Well, it looks like our MPs have got us embroiled in another war after Parliament voted to attack Syria. Despite 10 days of wrangling and blatant bullying by Labour’s bigwigs there were enough Labour MPs who were prepared to break ranks and vote with the Tories to begin bombing another country in the Middle East.
David Cameron was only prepared to take it to a vote if he could be confident he could win because, as I understand it, he didn’t want to hand a ‘PR’ victory to his opponents if the vote proved that we hadn’t got the guts for a fight. Labour also struggled with the fear of losing face and appearing divided and as it happens, Jeremy Corbyn’s worst fears were realised when his tactics failed and Labour MPs bickered about moral rights and legalities and the desirability of feasting at the military ‘top table’. There were some nice arguments and rousing speeches, and a few tears as, for 10 hours, MPs debated whether to permit Marham’s Tornados to take off and start doing our bit to help French and American pilots defeat the terrorists. But in the end Cameron got his way and democracy ruled the day.

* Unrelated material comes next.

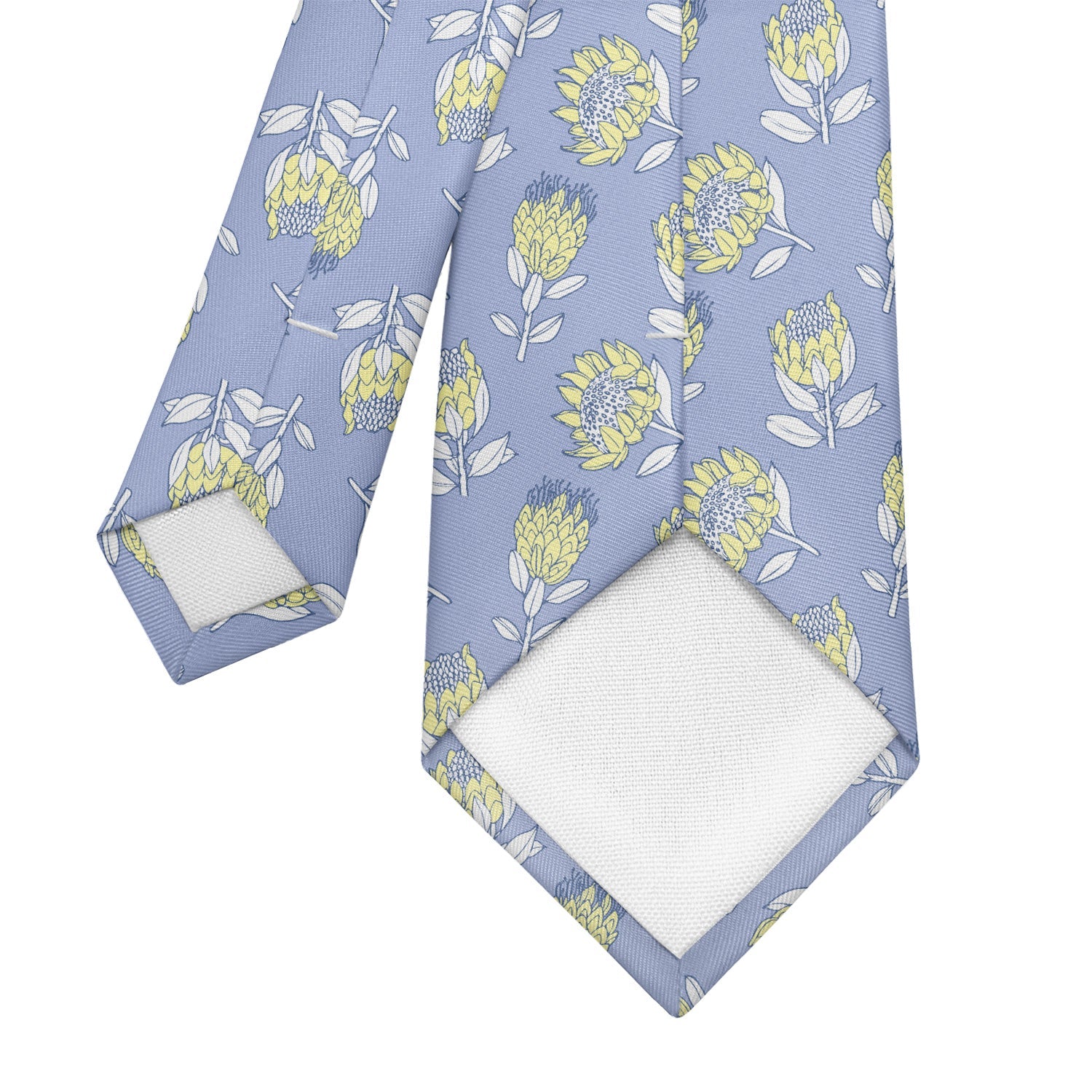 Protea Floral Necktie - Tipping - Knotty Tie Co.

I wasn’t there but judging by TV coverage it looked like a packed house with standing room only. The Commons heaved as lots of smartly dressed people wearing suits and brightly coloured cardigans in their warm and well-lit chamber pontificated about whether to send our aircraft into war. We heard quite a lot about how it all worked and how we had to support The French in their hour of need and how clever and sophisticated modern guided bombs are. The risk to civilians living in these cities it seems is pootling, there’ll be barely a handful of innocents slaughtered or maimed for life in these raids and this was deemed by the majority to be OK. “You can’t make omelettes without breaking a few eggs”. And so, from the cosy safe world of The House of Commons, the fate of Syrian civilians was also sealed by the vote.

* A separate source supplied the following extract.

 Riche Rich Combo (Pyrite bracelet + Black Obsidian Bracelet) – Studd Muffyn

I imagine our MPs had hardly got into the Westminster bar and got their first stiff Gin & Tonic down their necks and grabbed a handful of peanuts before the raids started from Cyprus where Tornado pilots were waiting, fully armed and itching to get cracking.

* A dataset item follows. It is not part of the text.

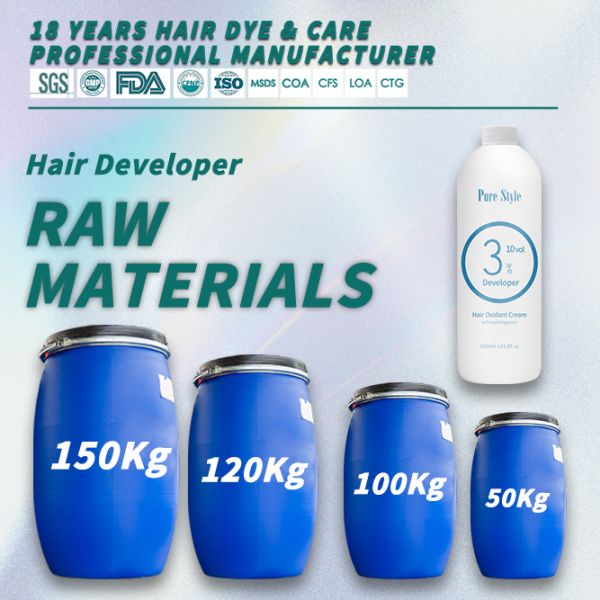 PureStyle  OEM Professional Hair Peroxide Developer Raw Material  Oxidant Cream Hair Lightening Cream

And so, with the vote in the bag and their consciences relatively clear our MPs toddled off into the night to a warm bed with another day over and another milestone under their belts. Far away, out of sight and out of mind in some god-forsaken Syrian town, another group of less comfortable and well-healed people sat with tiny children and frail relatives listening for the sound of Tornados screaming overhead and the dull thud and crack as warheads and missiles landed near homes.
The PM’s declared intention is to keep us safe at home by doing this…I won’t be holding my breath!